Ursula Dietz-Frübis von der Erziehungs- und Lebensberatung der Caritas Speyer kennt die Schwierigkeiten. Sie berichtet vom Angebot „Schatzinsel“, das betroffene Kinder auffangen soll. Der Bedarf spiegelt sich in der Tatsache, dass die Gruppe im Augenblick voll belegt ist. „Die Akquise in der Zielgruppe ist schwierig, weil das Thema schambesetzt ist“, erklärt Dietz-Frübis. Die Schulsozialarbeit und das Jugendamt seien in dem Zusammenhang wichtige Partner.

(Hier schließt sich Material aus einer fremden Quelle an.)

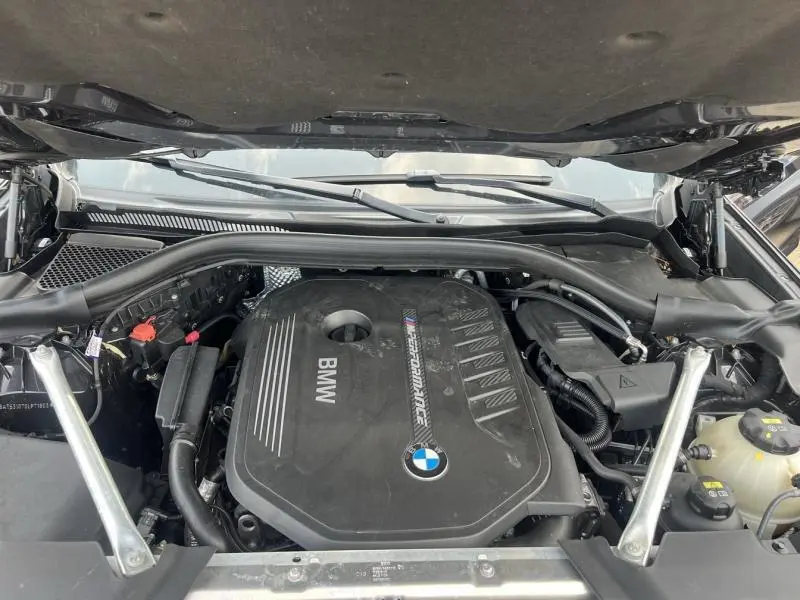 Vue rapprochée du moteur BMW M Performance sous le capot ouvert d'un X3 Sophistograu métallisé de 2019.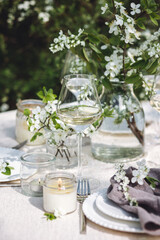 Romantic elegant luxury wedding table decor with white fresh spring blooming cherry apple tree flowers. Glass, candles, floral decoration for special marriage holiday event. No plastic zero waste
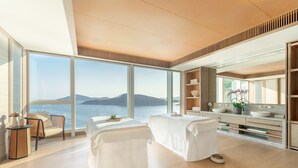 A modern spa room with a large window overlooking a body of water and mountains.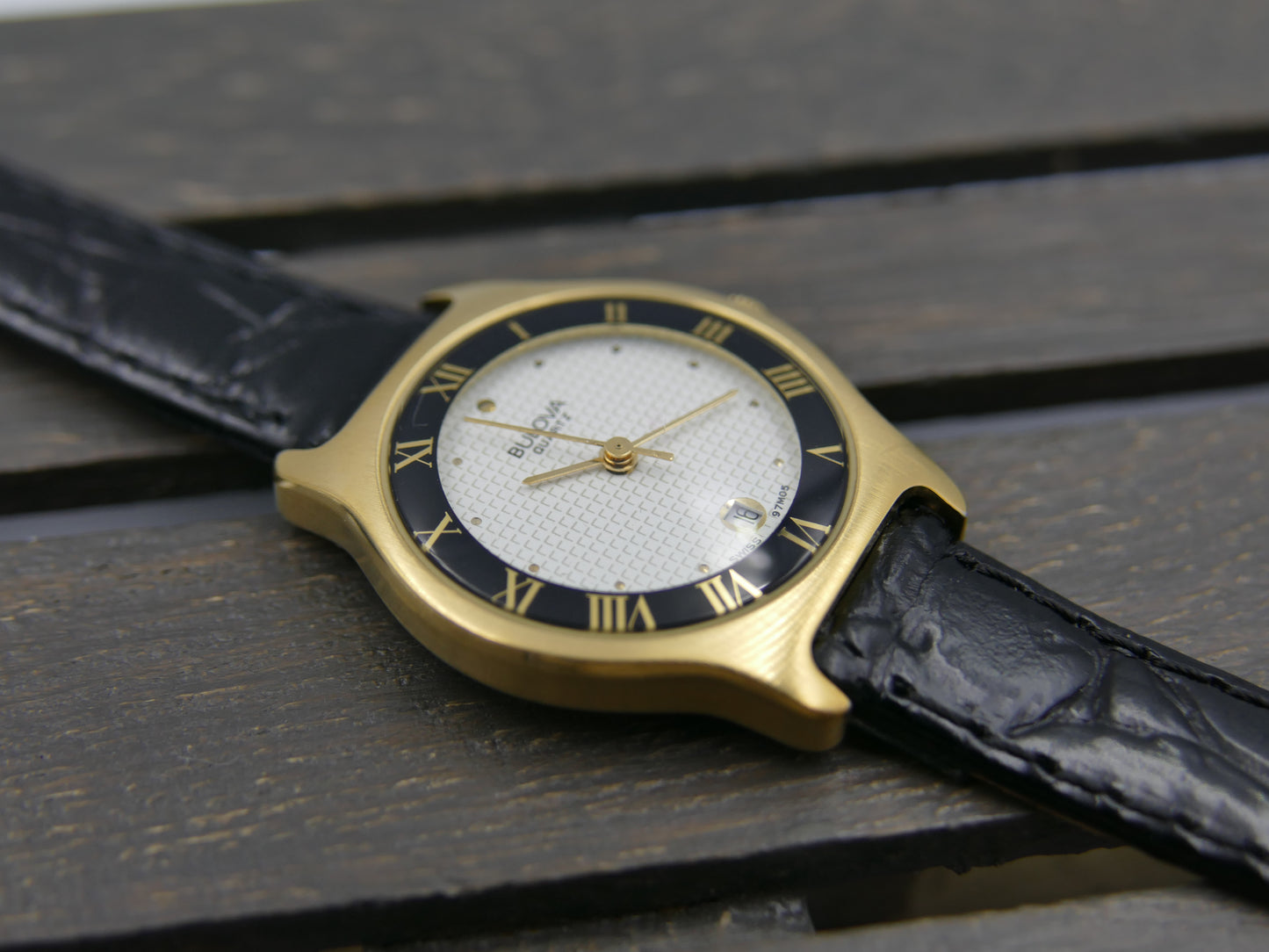 Bulova 97MO5 Roman Numeral Black Bezel Gold Tone SS Ladies Watch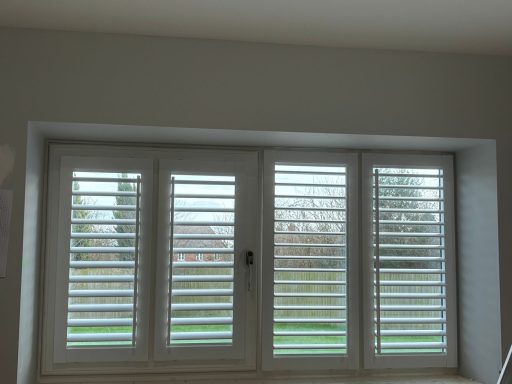 Living Room Perfect Fit Shutters Newport Neutral perfect fit shutters enhancing Newport living room interior | Shutters Emporium West Midlands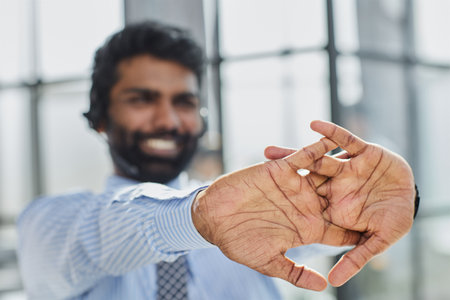 Portrait of a young man with a microphone sitting at his desk in front of a laptop stretches his handsの写真素材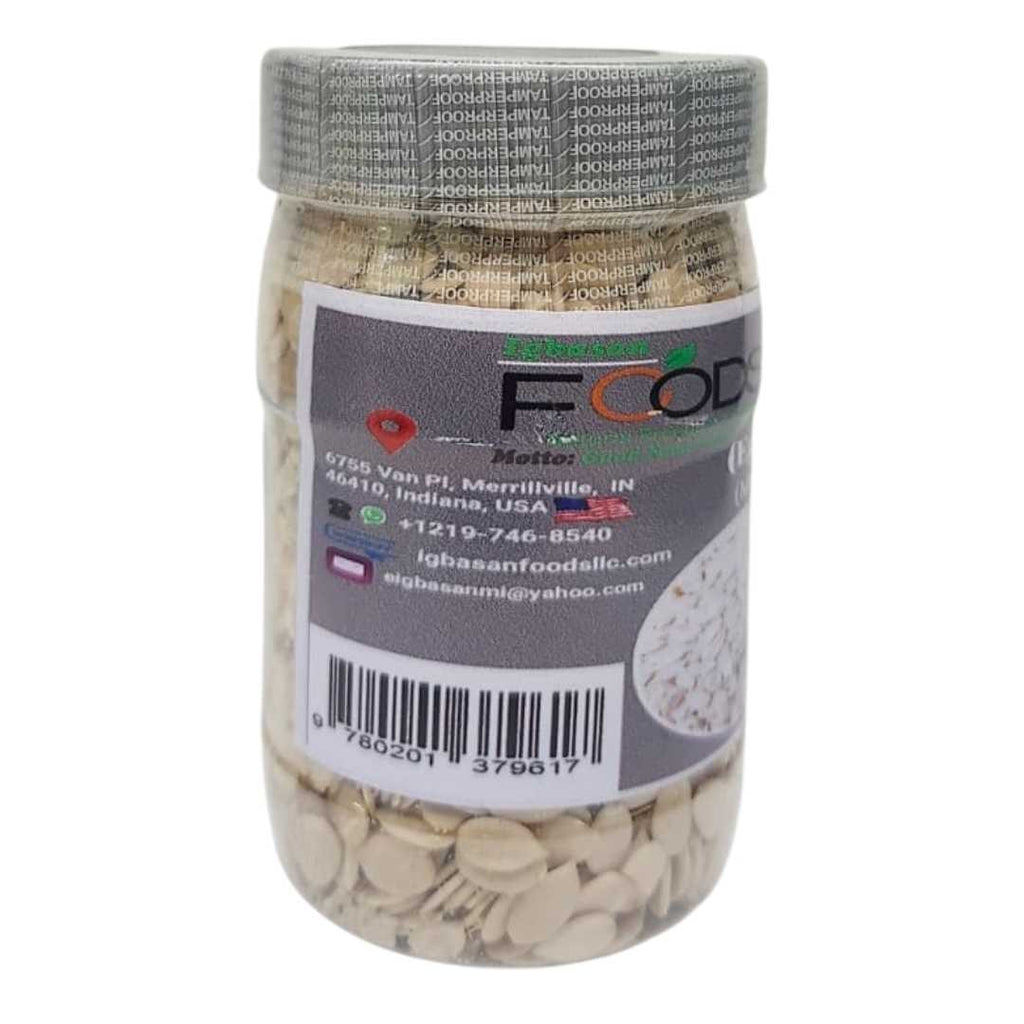 Clear plastic jar filled with whole Egusi (melon) seeds from Igbasan Foods. The jar has a grey tamper-proof seal and a front label showing the brand logo and an image of shelled melon seeds in a bowl.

War die „Schatzinsel“ früher ein zeitgebundenes Projekt, ist sie nun zum dauerhaften Angebot geworden. „Alle zwei Wochen kommt die Gruppe zusammen“, sagt Dietz-Frübis. Kinder aus suchtbelasteten Familien erlebten zu Hause wenig Halt. Sprechen können sie mit niemandem. Genau da setzt die „Schatzinsel“ an. „Die Kinder haben ein sechsfach höheres Risiko, ebenfalls zu erkranken“, macht Dietz-Frübis deutlich, wie unabdingbar Präventionsarbeit ist.

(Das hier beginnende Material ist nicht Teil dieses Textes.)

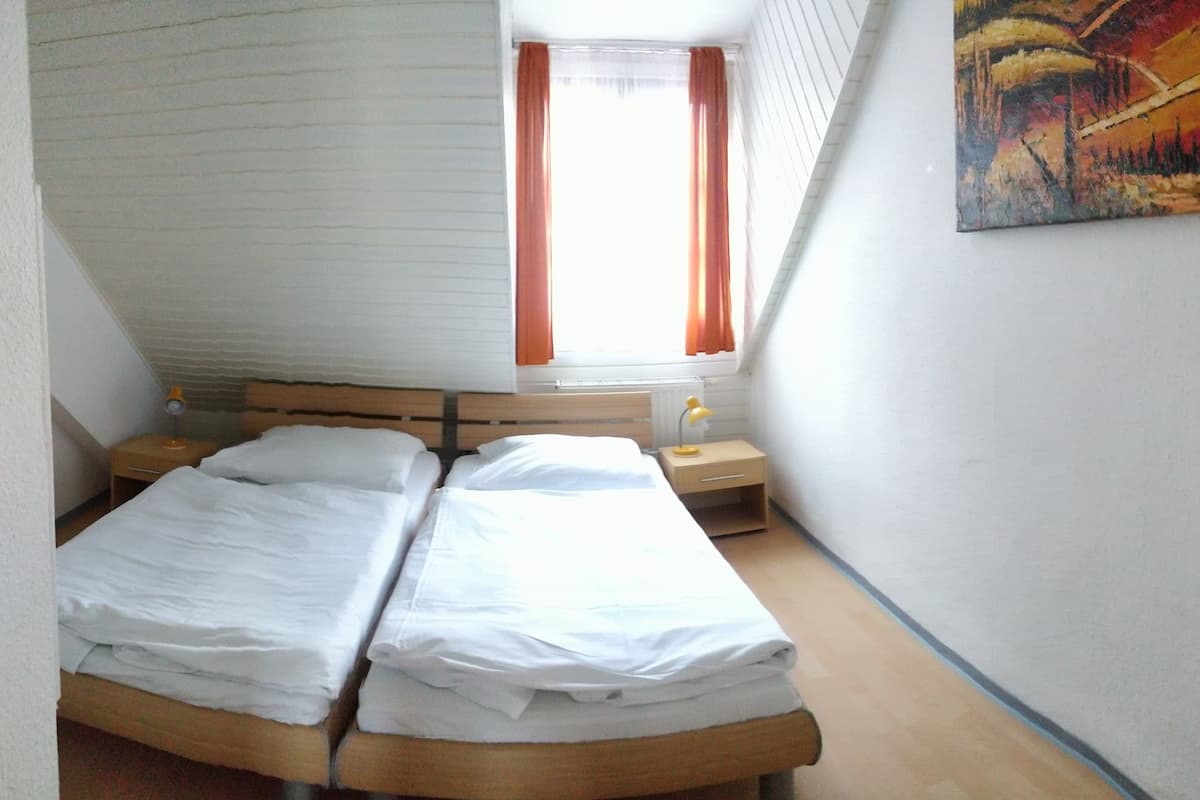 Basic Double Room | In-room safe, desk, WiFi (surcharge), bed sheets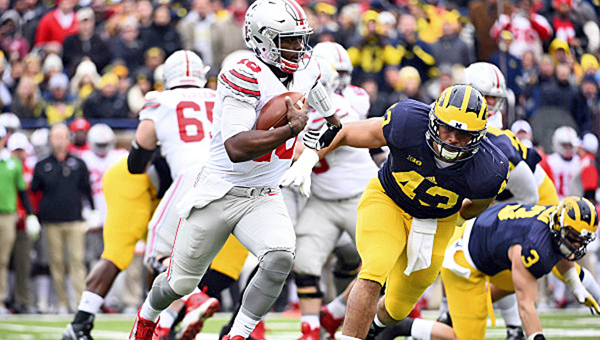 Ohio State Buckeyes’ quarterback J.T. Barrett (16) outruns Michigan Wolverines defensive end Chris Wormley (43) to gain yardage during the first quarter of Saturday’s game. Ohio State won 42-13. (Tim Fuller of USA TODAY/Courtesy Ohio State Athletics.com)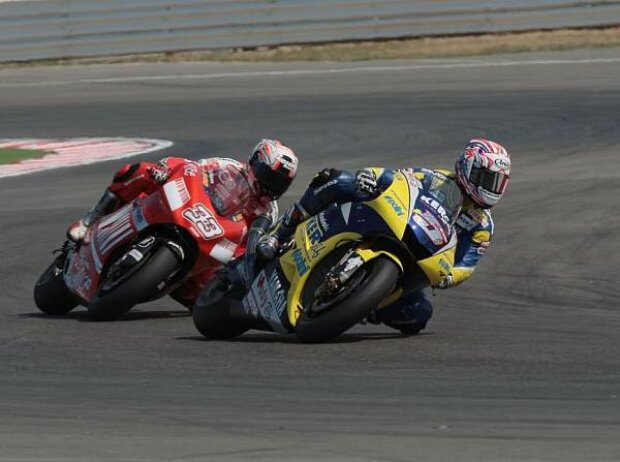 Colin Edwards vor Marco Melandri Colin Edwards vor Marco Melandri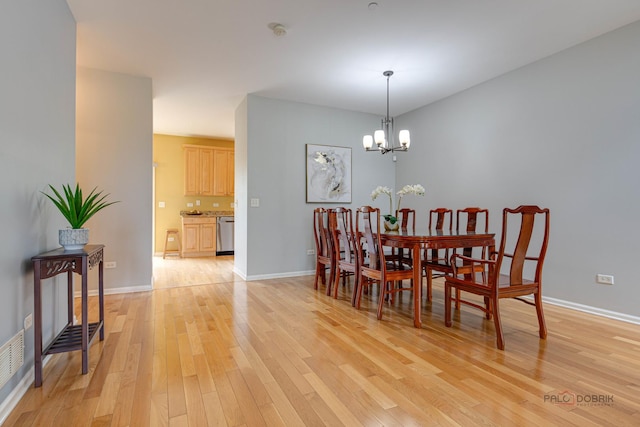 1123 E Port Clinton Rd, Vernon Hills, IL 60061 - dining area with light wood-style floors, a chandelier, and baseboards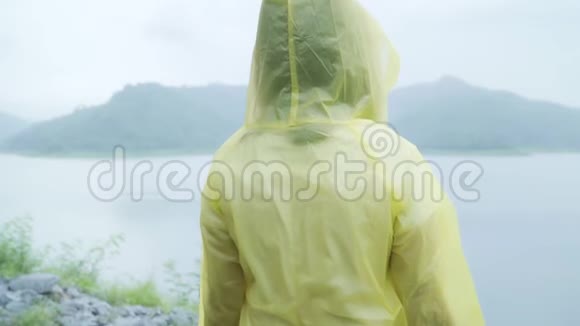 年轻的亚洲女人穿着雨衣站在湖边玩雨感到很高兴视频的预览图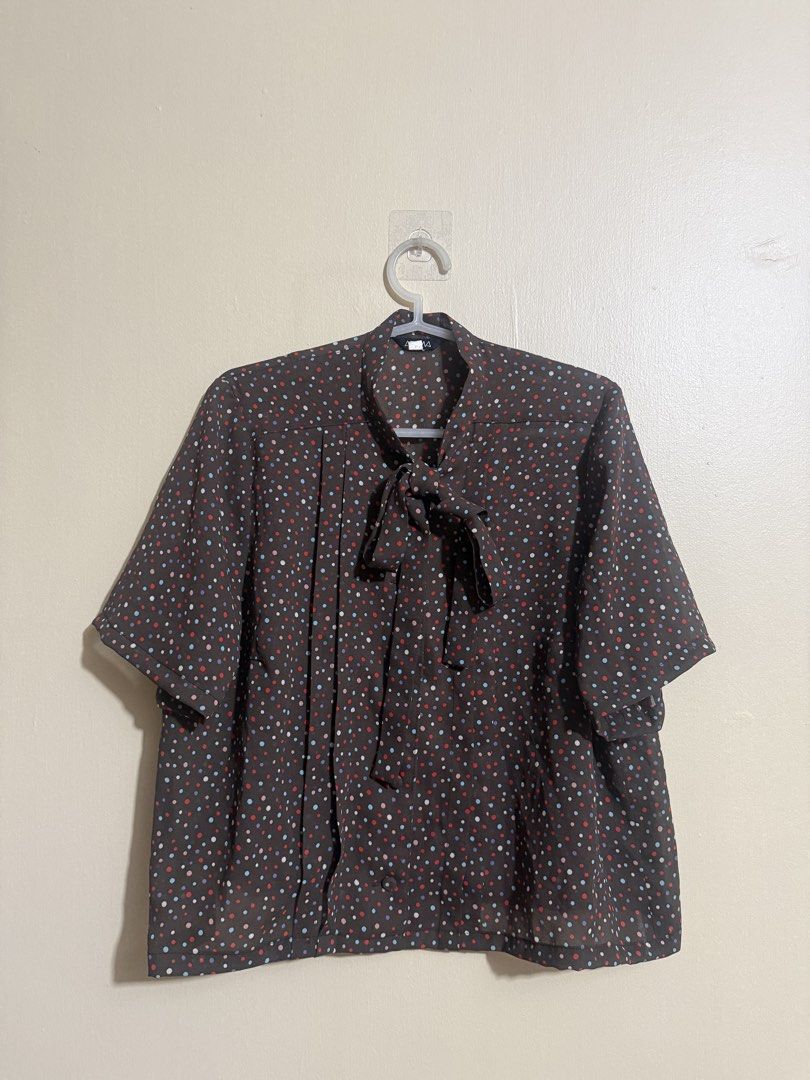 Brown Polka Dot Blouse with Tie Neck (Category: Blouses) located in Quezon City. Submitted by lau_v (Listing ID 1462539615, Image 3). Description: - Brown blouse with a vibrant, colorful polka dot print. - Elegant tie neck detail. - Flattering pleats down the front. - Comfortable short sleeves. - Fits M-L. - length: 20" -widtg: 21" - Easily pairs with skirts or pants..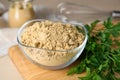 Bowl of aromatic mustard powder and parsley on wooden table, closeup Royalty Free Stock Photo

Den Faden greift Hipp auf. „Wir sind gut vernetzt mit den Schulen. Klassen kommen zu uns zu Besuch und wir klären vor Ort auf“, berichtet sie. Wichtig ist allen Beteiligten, den Menschen – alt und jung – ein niedrigschwelliges Angebot zu ermöglichen. Ein Beispiel nennt Hipp: „Die offenen Sprechstunden bei uns sind sehr hilfreich.“

Hausärzte sensibilisieren

Für Betroffene sind Fachkliniken, mit denen Nidro zusammenarbeitet, eine gute Anlaufstelle. „Diese organisieren Betreuung für Kinder und Schulunterricht, sodass die Eltern die Möglichkeit haben, in Ruhe an ihrer Sucht zu arbeiten“, führt Hipp aus. Andrea Schmitzer, die das Netzwerk Kindeswohl koordiniert, weist auf die zielgerichtete Arbeit hin. Die werde auch durch die Speyerer Tageskliniken ermöglicht. Ziel sei es nun, mehr Hausärzte mit der Thematik zu erreichen, um das Netzwerk auszuweiten und weiter zu festigen. Auch Außenstehende – Menschen innerhalb der Familie, des Freundeskreises oder in der Nachbarschaft – sollen in der Wahrnehmung von Suchterkrankungen geschärft werden.

„Wir wollen ein Stärkungsangebot für Familien bieten“, fasst Bürgermeisterin Monika Kabs (CDU) zusammen. Wie wichtig es ist, sich mit der Suchtproblematik im Elternhaus auseinanderzusetzen, hat sie selbst in ihrer Zeit als Lehrerin erlebt.

In der Aktionswoche, die vom 12. bis 18. Februar angesetzt ist, gibt es am Dienstag, 14. Februar, 14.30 bis 18 Uhr, ein Mitmachangebot für Kinder in der Stadtbibliothek Speyer. Informationen, Bücher und Medien stehen außerdem zur Verfügung. Vom 13. bis 25. Februar wird zudem ein Infostand bei K.E.K.S. (Heinrich-Heine-Straße 8) aufgebaut.